**Aim of the task:** Work through the listing below and give again exactly the lines from the one with "Elegeant Watercolor Blue" to the one with "Pampolina Girls Printed", both ends included. All other lines and all pictures stay out.

**Given data:**
+++++

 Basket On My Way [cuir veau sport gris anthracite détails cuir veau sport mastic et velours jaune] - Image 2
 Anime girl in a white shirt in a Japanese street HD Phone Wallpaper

+++++

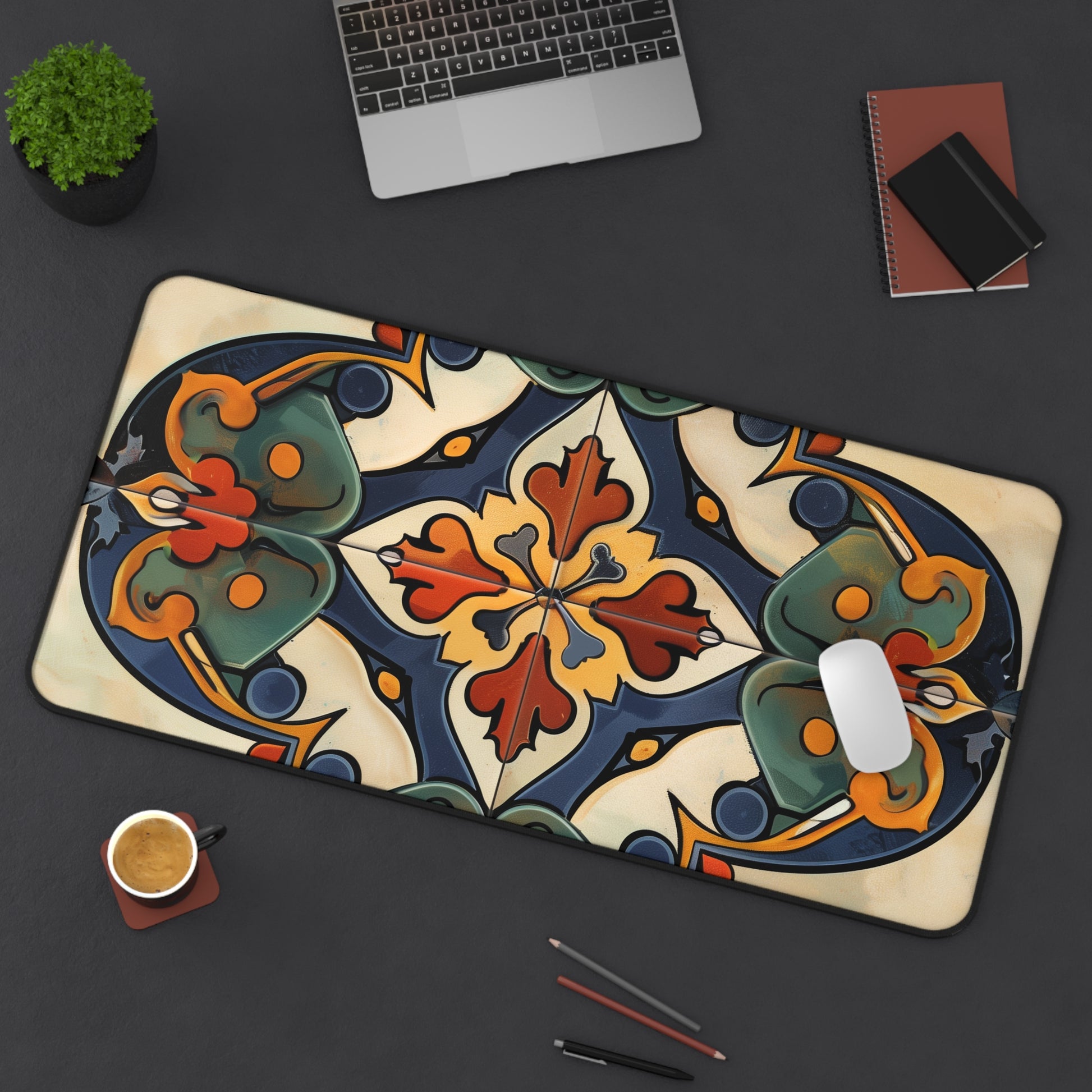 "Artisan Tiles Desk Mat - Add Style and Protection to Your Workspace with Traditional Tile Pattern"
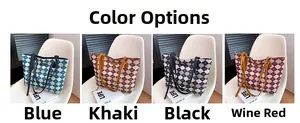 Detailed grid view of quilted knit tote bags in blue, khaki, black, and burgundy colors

+++++

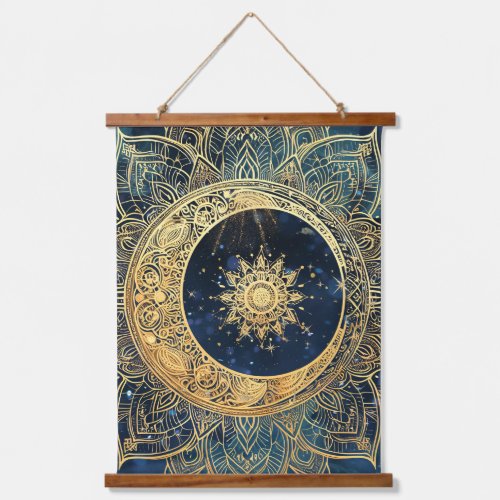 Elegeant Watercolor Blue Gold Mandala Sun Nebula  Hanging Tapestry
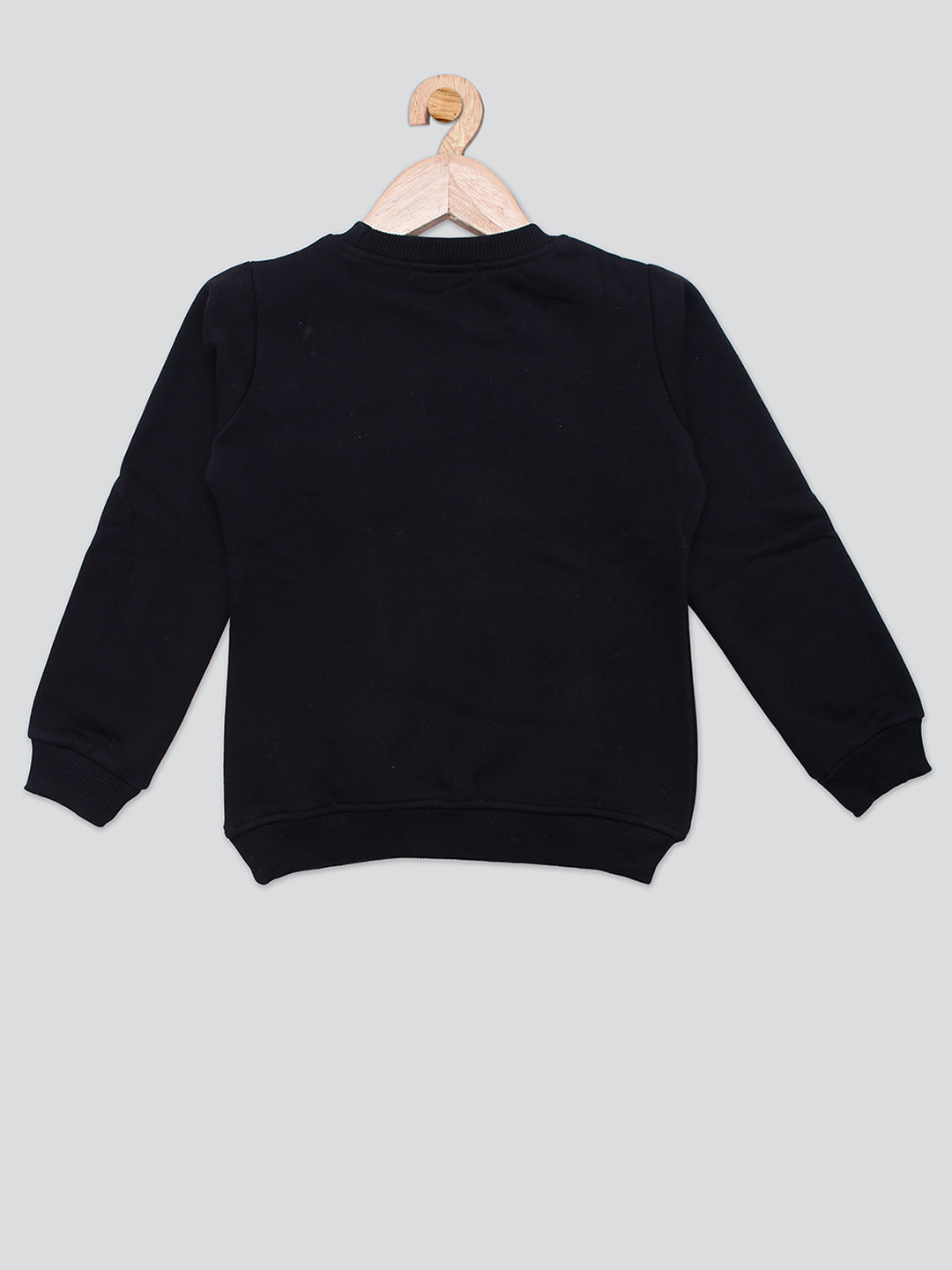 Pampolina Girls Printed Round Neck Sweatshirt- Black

+++++

**Response:**
 Elegeant Watercolor Blue Gold Mandala Sun Nebula  Hanging Tapestry
 Pampolina Girls Printed Round Neck Sweatshirt- Black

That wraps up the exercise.